Kicking off with the long-awaited Yasmin (Marisa Abela) and Harper (Myha’la) one-on-one is a sign that this week’s episode of Industry means business. What it turns out to be is a prelude to dizzying events that leave every single character marked by a scheme that goes deeper than Whitney Halberstram’s (Max Minghella) vision for Tender. Non-negotiables don’t matter when nefarious figures pulling the strings have a treasure trove of blackmail material they are willing to unleash to achieve far-reaching goals. Rather than spinning their wheels, creators Mickey Down and Konrad Kay (who wrote this episode) continue to raise the stakes each week. I would never accuse the pair of slow storytelling. Maintaining momentum is part of the HBO finance drama special sauce that continues to surpass expectations. Even still, “Dear Henry” has all the markings of a season finale—or at least penultimate episode—with its array of bombshells that blow the core relationships sky high. 

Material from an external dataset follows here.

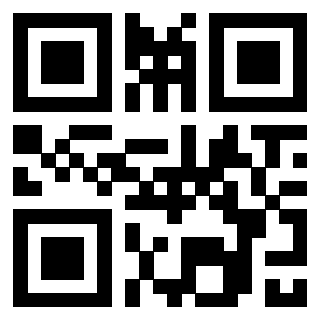 3303069438 - Immagine del QrCode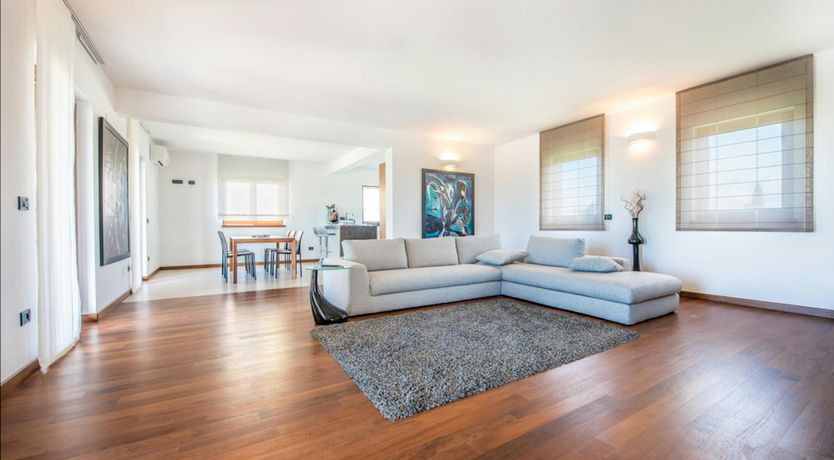 Photo of Academy Blue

The opening Yas and Harper confrontation is one of this week’s tamest, replaying old grievances and leveling new accusations. It is a warm-up to the main events, offering a reminder that the frenemies are great sparring partners even as they go through the motions. Yas puts on a bullish front, believing this is another round of Harper picking at her happiness and profiting from the mess. But the mask is slipping, and, in private, Yas seems less convinced of Whitney’s motives. She heeds Harper’s warning (“You have been duped by a man who saw you and your husband as fools”) and tries to get Henry to open his eyes. Stubbornness runs in this marriage. Henry (Kit Harington) bats away his wife’s concerns and pulls at her personality flaws in the process. Insecurity is a powerful tool in Whitney’s arsenal, and established thorny dynamics allow his influence to fester and poison.

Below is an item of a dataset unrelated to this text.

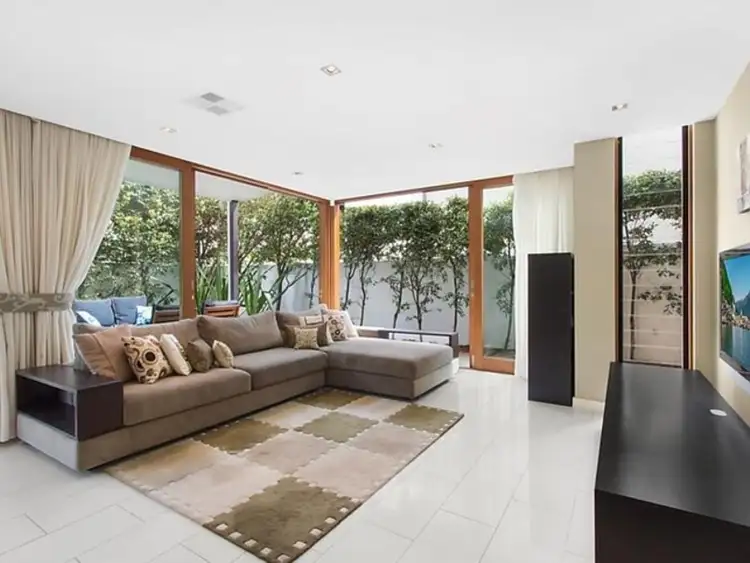 Sixth view of Homely house listing, 45 Gubbuteh Road, Little Bay NSW 2036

But it isn’t Yas and Harper who take center stage in “Dear Henry.” Nor is it the man whose name appears in the episode title, whose extramarital sexual relations will get audiences talking. Instead, it is the recipient of a different blowjob that changes the course of SternTao’s road to victory and reveals a far broader conspiracy that brings Russian influence into the already sprawling web of lies. More importantly, is Industry shedding another original cast member? Eric’s swift fall from grace, coupled with a change to the end credits that show Eric walking down a leafy suburban street, signals a departure. If this is Ken Leung’s swansong, then he gets a doozy of a concluding outing that should be front and center when Emmy voting begins.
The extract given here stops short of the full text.